Alan Jeffreys QC, Defence Counsel in the case of Patel v Arriva Midlands & Zurich Insurance provides a summary in this conventional case which took an unusual turn.
The Claimant was run down by the Defendant’s bus in Leicester in January 2009. He had a cardiac arrest at the scene, together with a traumatic brain injury. He had no memory of the accident. In the medical report served together with the proceedings (examination January 2015) it was said that the claimant had been effectively bed bound since the accident and required two family carers at home from the time of hospital discharge. He was unable to respond to the examining psychiatrist, who diagnosed probable conversion disorder.
In May 2016 covert video surveillance was undertaken by the Defendants. Video footage was obtained of the Claimant and his Litigation Friend (the Claimant’s son). This showed the Claimant’s activity over some hours. He appeared to be fully ambulant without difficulty and conversing with others.
The Claimant was later examined by a neurologist on behalf of the Defendant (August 2016) when he was again bed-bound, mute, and unresponsive to the examination. On being shown the video, the neurologist concluded that the Claimant’s disability was feigned and that his Litigation Friend’s account was a lie.
The claim proceeded to a split trial. Alan Jeffreys QC was instructed about a month before the trial in late October 2017 and he advised that fundamental dishonesty should be explicitly pleaded by detailed amendment to the Defence.
The trial on liability went ahead, and the Claimant succeeded with a finding of 40% contributory negligence. The fundamental dishonesty issue could not be heard until after liability had been determined by reason of the statutory provisions under s 57(1) of the Criminal Justice and Courts Act 2015
(1) This section applies where, in proceedings on a claim for damages in respect of personal injury (“the primary claim”)

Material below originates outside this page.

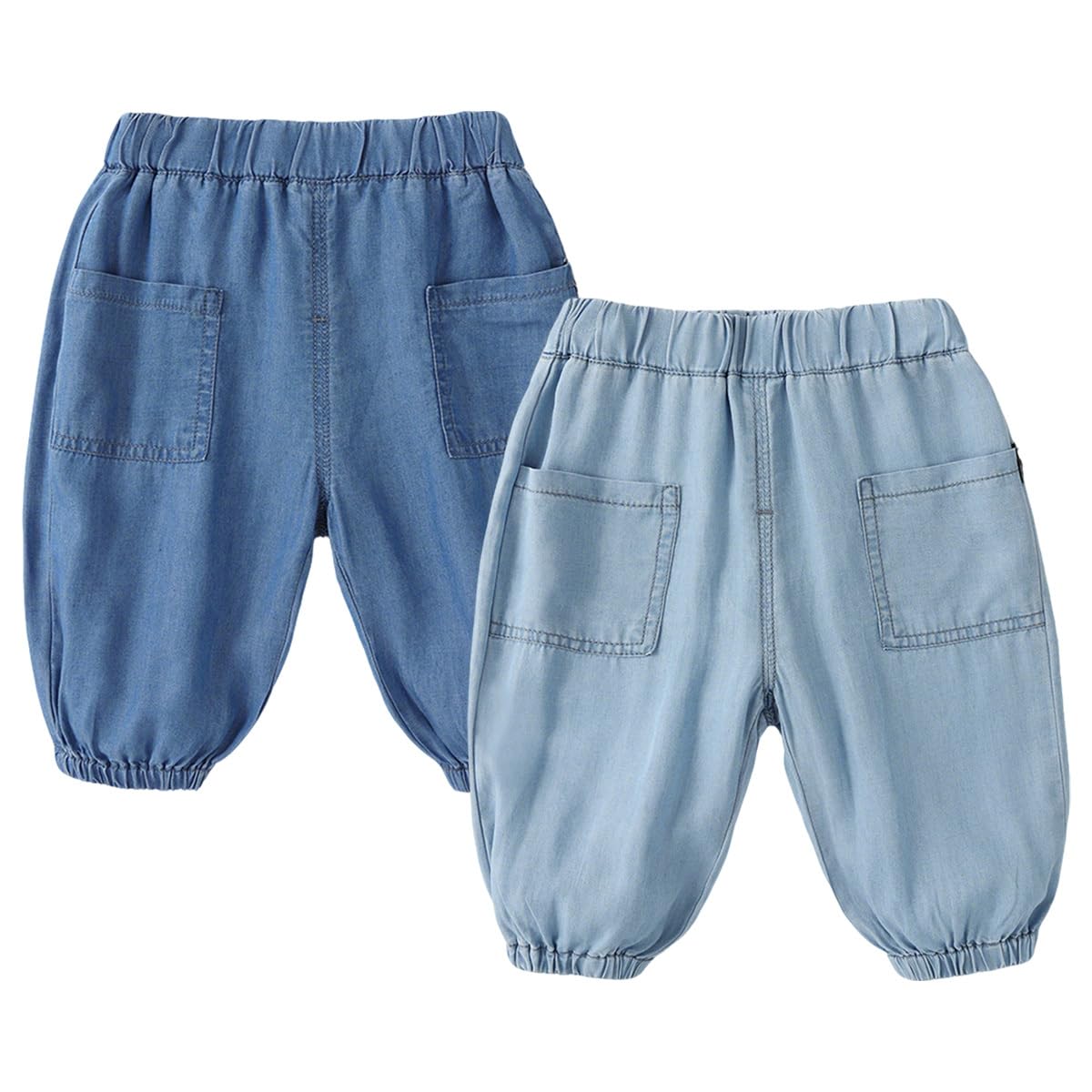 Pantalon Bloomers Été pour Bébé Garçon Fille Pantalon Bouffant en Denim à Taille Elastiquée Pantalons Ample Décontracté Jogging Sport pour Bébé Tout-Petits Enfant 6 Mois-4 Ans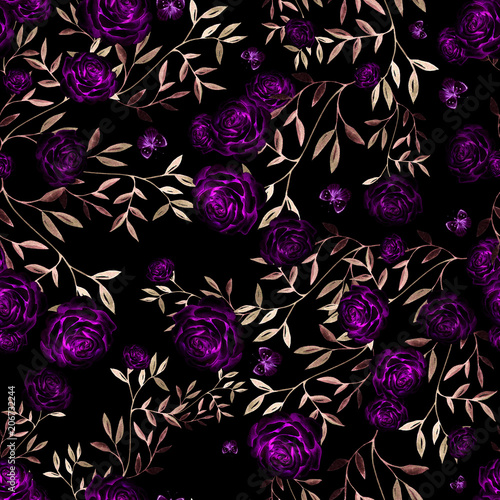 Seamless pattern with watercolor  roses flowers.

(a) The court finds that the claimant is entitled to damages in respect of the claim, but
(b) On an application by the defendant for dismissal of the claim under this section, the court is satisfied on the balance of probabilities that the claimant has been fundamentally dishonest in relation to the primary claim [my emphasis]
The issue therefore arose as to what order should be made as to costs for the liability trial.
The Defendants contended that as long as they undertook to issue their application for dismissal of the claim for fundamental dishonesty within 14 days, the costs of the liability trial should be determined by the judge who heard that application. If successful, it was probable that the Claimant would receive no costs for the liability hearing as the whole claim would have been dismissed. That was the effect of subsections (2) and (3):
(2) The court must dismiss the primary claim, unless it is satisfied that the claimant would suffer substantial injustice if the claim were dismissed.
(3) The duty under subsection (2) includes the dismissal of any element of the primary claim in respect of which the claimant has not been dishonest [my emphasis]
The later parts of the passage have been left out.